Formal verification adds two more wrinkles. One: sometimes we need assumptions to make the property valid, but we can also add them to make the proof easier. So the code can be bug-free even if the assumptions used to verify it no longer hold! Even if a leftpad implements visual alignment for all Unicode glyphs, it will be a lot easier to prove visual alignment for just ASCII strings and padding.

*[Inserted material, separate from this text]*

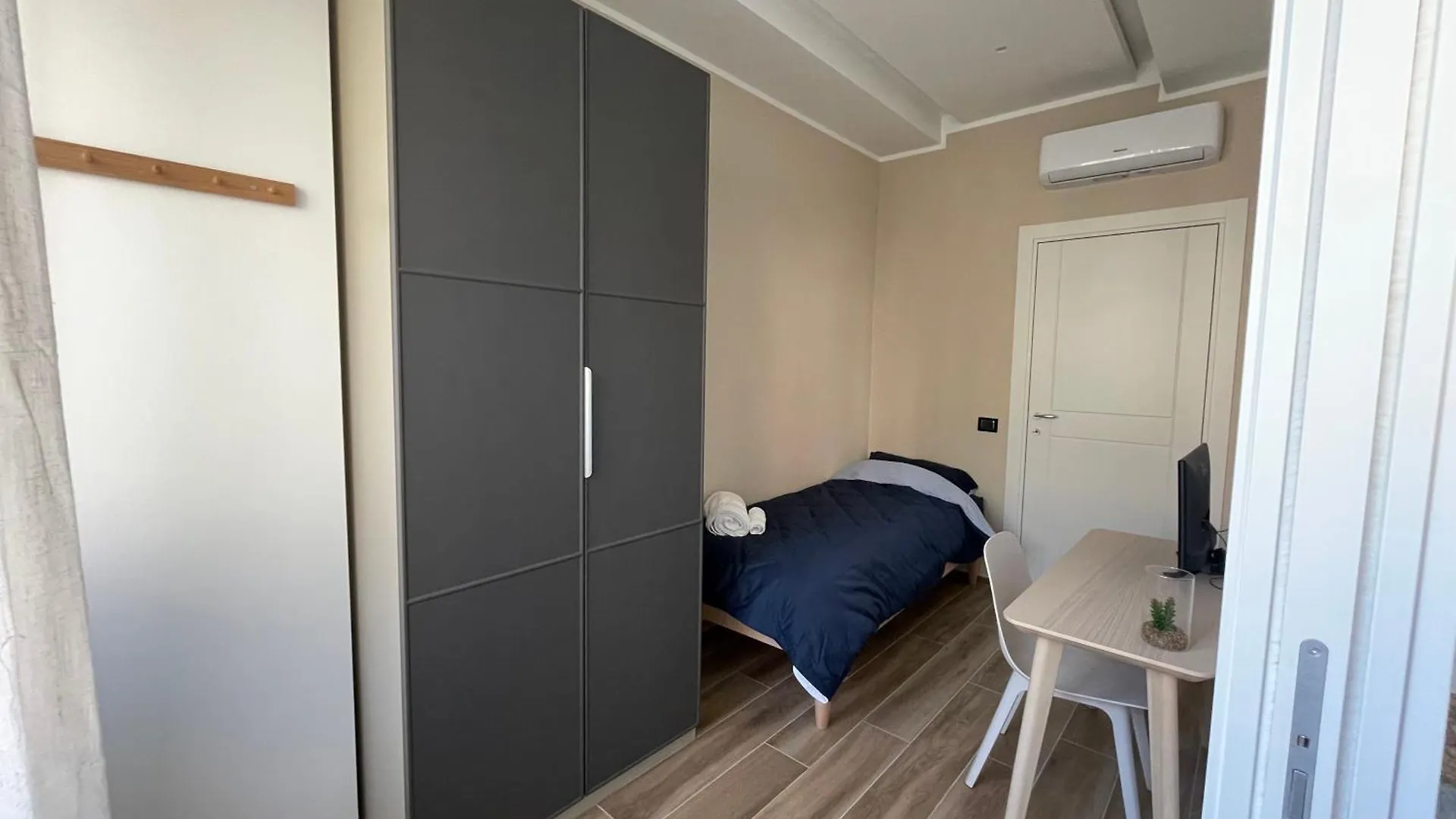 Apartment Appartamento Guest Milan Italy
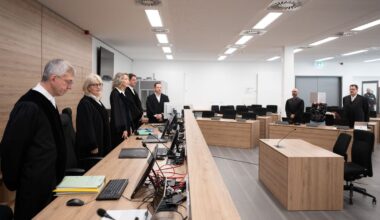 Im Prozess am OLG Dresden sitzt eine mutmaßliche Vertraute und Unterstützerin des rechten Terrortrios NSU auf der Anklagebank. F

Two: we need make a lot of environmental assumptions that are outside our control. Does the algorithm return output or use the stack? Need to assume that there's sufficient memory to store stuff. Does it use any variables? Need to assume nothing is concurrently modifying them. Does it use an external service? Need to assume the vendor doesn't change the API or response formats. You need to assume the compiler worked correctly, the hardware isn't faulty, and the OS doesn't mess with things, etc. Any of these could change well after the code is proven and deployed, meaning formal verification can't be a one-and-done thing.

You don't actually have to assume most of these, but each assumption drop makes the proof harder and the properties you can prove more restricted. Remember, the code might still be bug-free even if the environmental assumptions change, so there's a tradeoff in time spent proving vs doing other useful work.

Another common source of "assumptions" is when verified code depends on unverified code. The Rust compiler can prove that safe code doesn't have a memory bug assuming unsafe code does not have one either, but depends on the human to confirm that assumption. Liquid Haskell is verifiable but can also call regular Haskell libraries, which are unverified. We need to assume that code is correct (in the "conforms to spec") sense, and if it's not, our proof can be "correct" and still cause bugs.


These boundaries are fuzzy. I wrote that the "binary search" bug happened because they proved the wrong property, but you can just as well argue that it was a broken assumption (that integers could not overflow). What really matters is having a clear understanding of what "this code is proven correct" actually tells you. Where can you use it safely? When should you worry? How do you communicate all of this to your teammates?